I'm in a similar situation. Mum (nearly 88) has been in care coming up to 3 years and had been eating well until the spring; but after moving from residential to nursing unit in the same home (mainly due to continence issues), her appetite declined and she stopped eating meals in May. She is now refusing almost all solid food - occasionally eats a few small slices of banana, a tiny piece of cheese or a grape, but most days has no food at all. They have been keeping her going with fruit squash, tea and coffee with fortified milk, and a bit of wine (the only thing she still enjoys and might stimulate appetite), but she will often refuse even liquids.
She's lost a shocking amount of weight in the last few weeks, is now about 5 stone, immobile without help (they can get her up with a hoist to sit in a chair and be wheeled to the bathroom), and is having a lot of hallucinations.
Three weeks ago, the nurse contacted me to ask if I "understood" that she was declining, which I took to mean imminently in end stage. I live 100 miles away and normally visit every other weekend, so I went down early and booked into a nearby hotel, psyched up for an indefinite stay. It was a huge emotional stress, thinking this might be the last time I'd see my mum and desperate to connect with her in some way - she still recognises me visually and is able to speak, but I don't think she really knows me any more, which I am finding very upsetting, even though I've been mentally prepared for it for a long time.
But after a terribly poignant long afternoon at her bedside, the next day she was up and dressed in the chair and relatively bright; same the next day. I didn't know whether to carry on staying there or go back home and visit as usual at the weekend. The nurse said she thought mum could be like this for a while, so I went home and came back at the weekend - again, feeling sick with apprehension.
That visit was not so good, as mum was in a very antagonistic mood; but she was at least physically stronger, it seemed, so I went home again - and cried all the way.
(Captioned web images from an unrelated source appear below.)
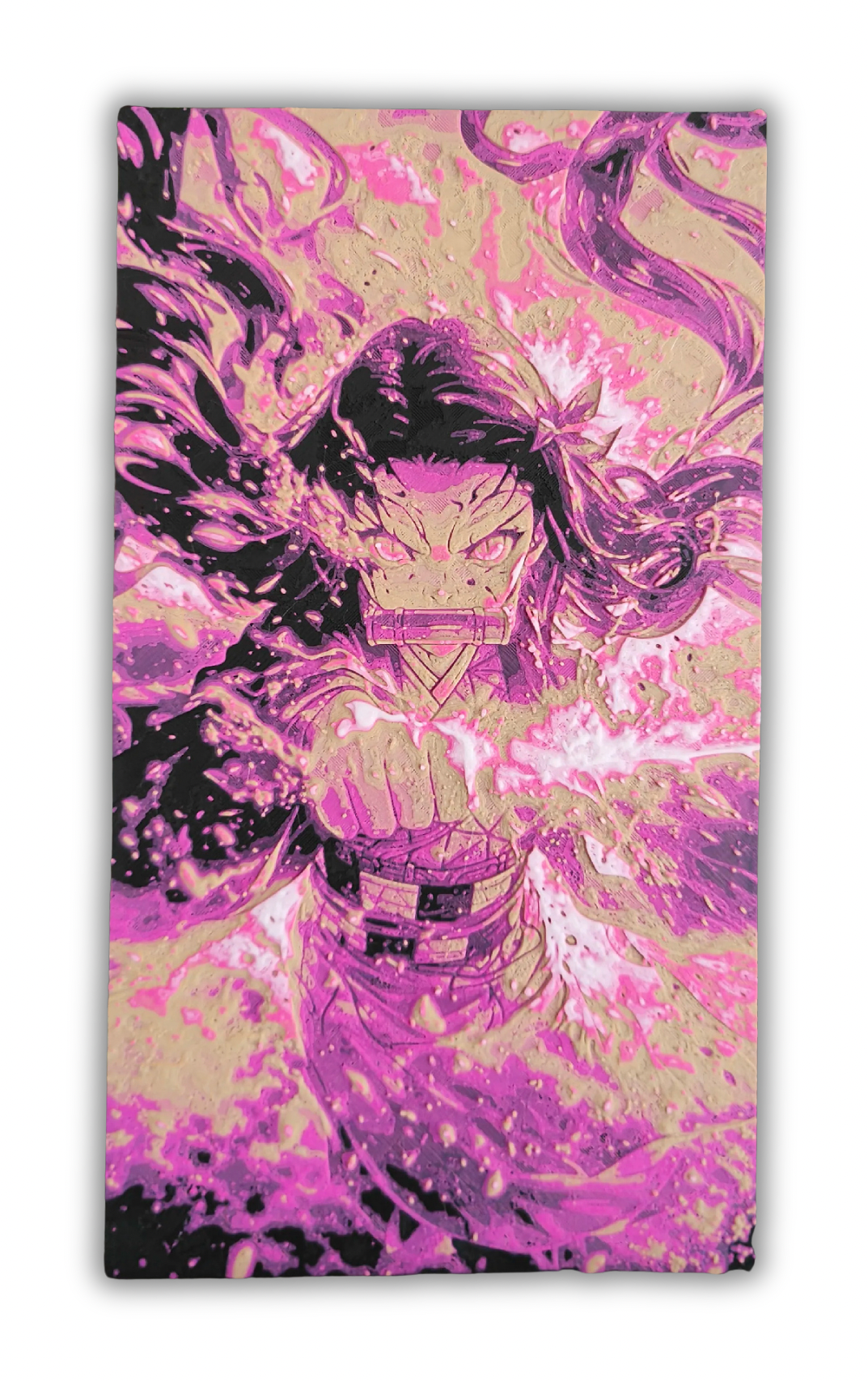 Nezuko – Demon Fury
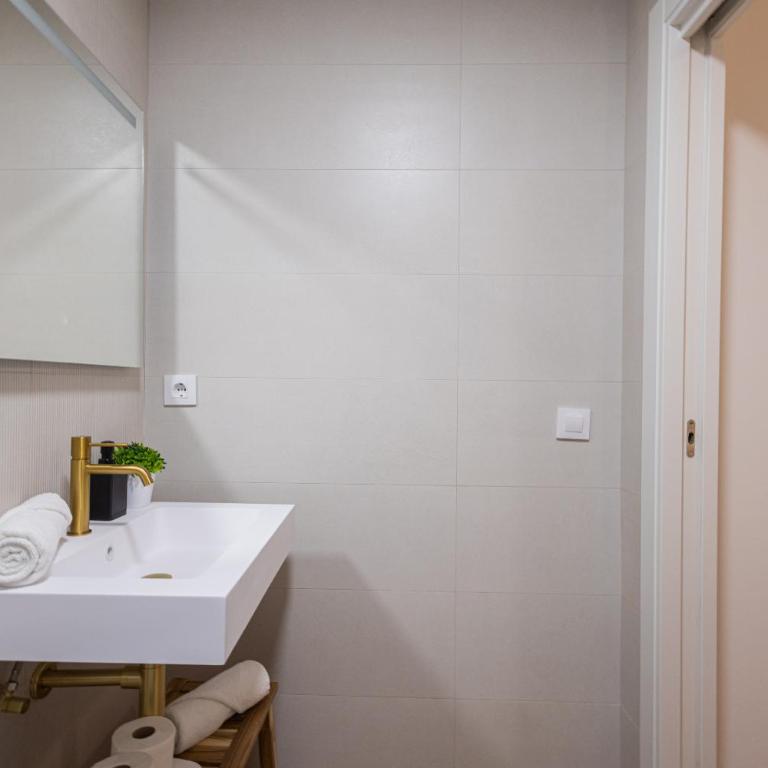 FLORIT FLATS - The Maritim Metro Station Suites - Loft - 10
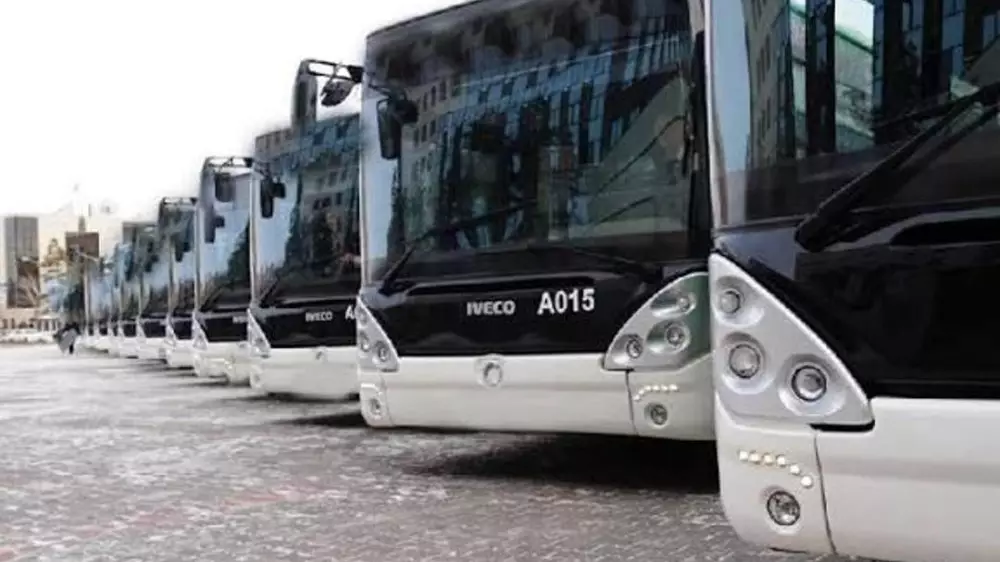 Власти Астаны обратились к болельщикам перед матчем “Кайрат“ — “Олимпиакос“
Made a third visit this Saturday just gone - she's much the same. And I'm in limbo.
I had got into a routine of visiting in a round trip on the same day, and concentrating on just trying to have as pleasant a time with mum as possible - i.e. one in which nothing distressing was said or done. But now the stakes seem so huge that every time I lie awake feeling sick the night before and all the way there, and cry on the way back, because there's so little connection between us now and I'm so desperate to feel some recognition from her each time, in case it's our last.
I spoke to a relative who's a GP, and he says he is constantly amazed at how long people can go on with very little nutrition. It is a terrible emotional wringer, specially after many years of already watching the person you love decline so cruelly from their real self.